Steve pulling the crux roof of pitch 3 

Pitch 4 was the glory pitch. Steve struggled up the initial 20 foot flared #3 camalot corner before escaping out and up in between the towers and squeezing through to the other side. Extremely fun, well protected stemming between the towers on big ledges with one final heads up section led to the summit. Super good! Steve said it wasn't too heady, though the topout was likely the crux.
Flared corner on pitch 4 

Cool! Squeeze threw and stem up 

Selfie Steve on Pitch 4. Great shot looking down between the towers 
Topout after the last hard move.
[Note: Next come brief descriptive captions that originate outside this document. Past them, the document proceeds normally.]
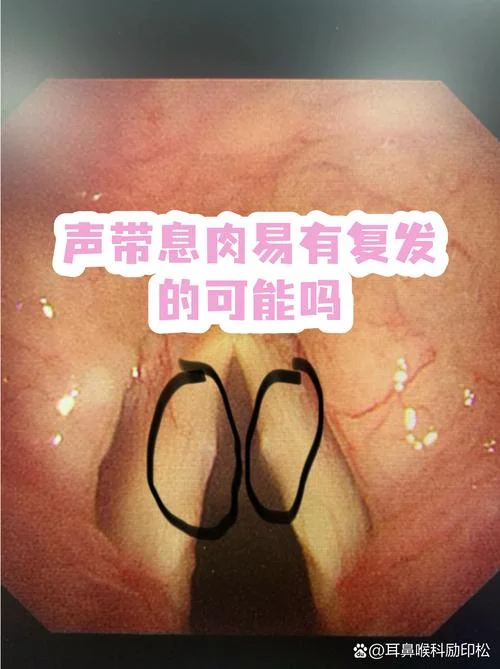 声带息肉切除多少钱_2
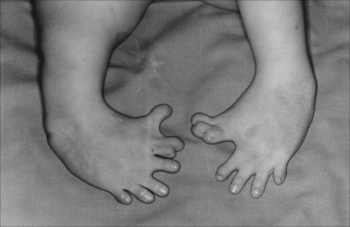 Malformação congênita dos pés, um dos efeitos do uso de talidomida sobre fetos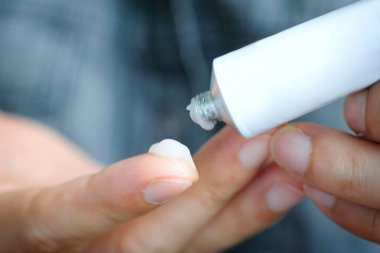 Kadının eli, steroid kullanıyor. Dış tipi uygula.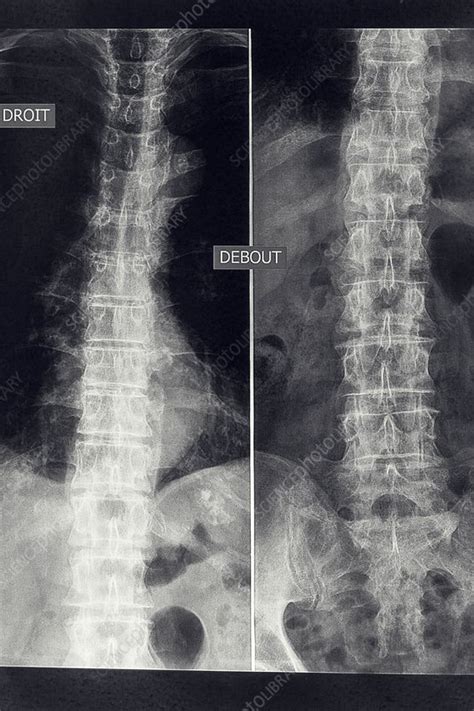 Osteoarthritis Of The Lumber Spine X Ray Stock Image C0368214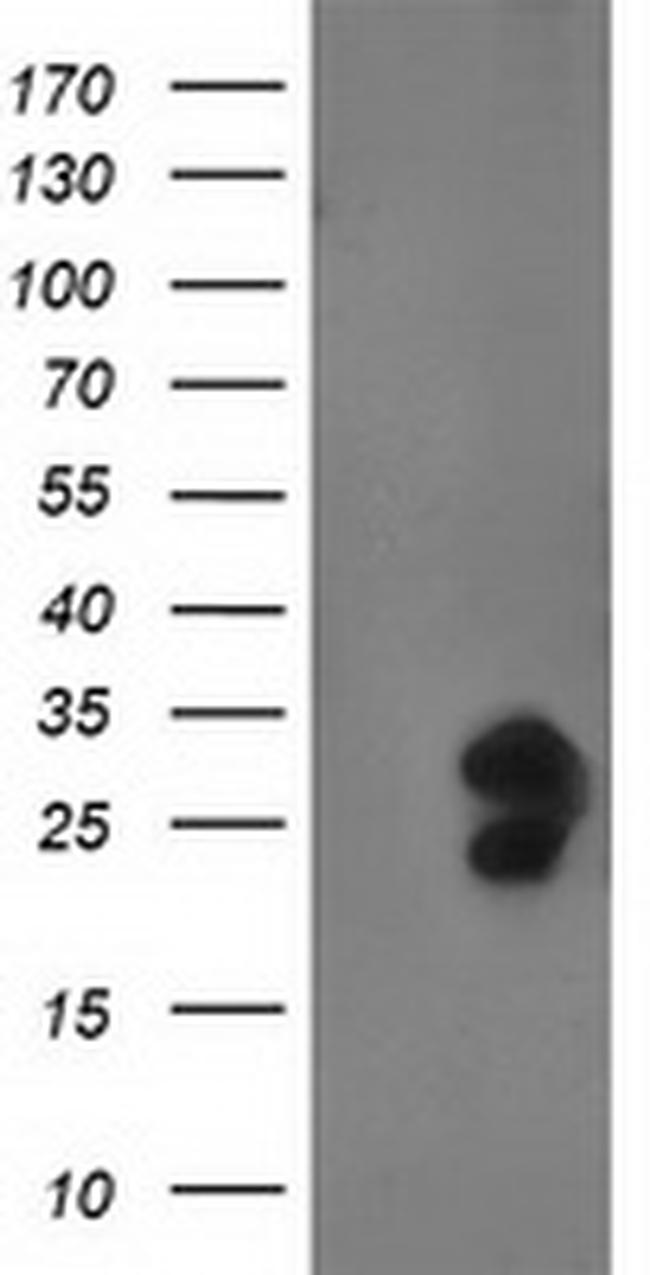 FGF21 Antibody in Western Blot (WB)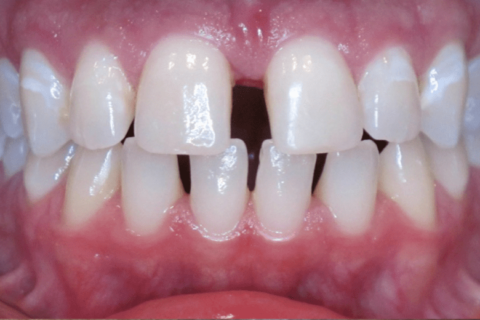 Case Study 67 – Spaces between teeth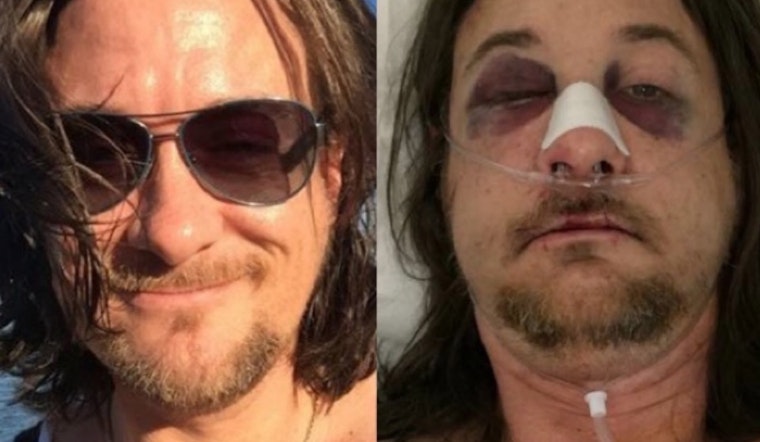 Badlands Employee Brutally Attacked Outside The Cafe In Possible 'Gay Bashing' Incident [Updated]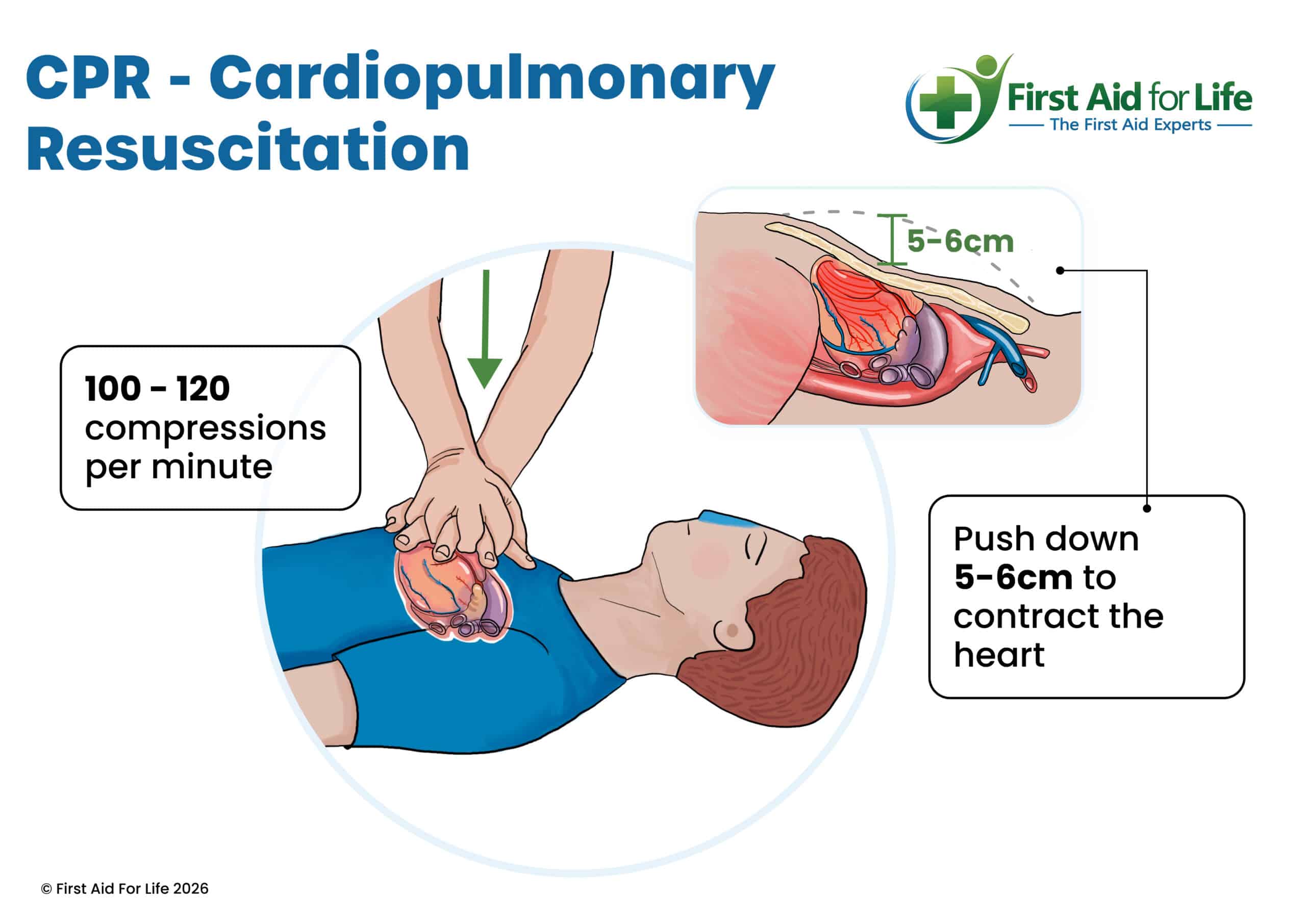 CPR diagram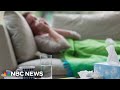 Doctors concerned over rising rate of the flu in parts of U.S.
South summit of KOP behind 

The view was spectacular, and desert towers never disappoint. The first rap down into the notch between KOP and Bridger Jack Butte was a full 35m, which required Steve to do a short "jump downclimb" to obtain the next ledge. I elected to untie our safety knots in the rope, which gave me a bit extra rope to work with, negating the jumping schenanegans. The next two raps weren't so scary.
Summit! 

Does the rope reach? 

Plenty more towers in the desert, and the Bridger Jacks specifically, but nice to have this one checked off.

Brought the family along for another two short 1 pitch towers, Happy Turk and Devils Golf Ball, both fun with some desert trickery.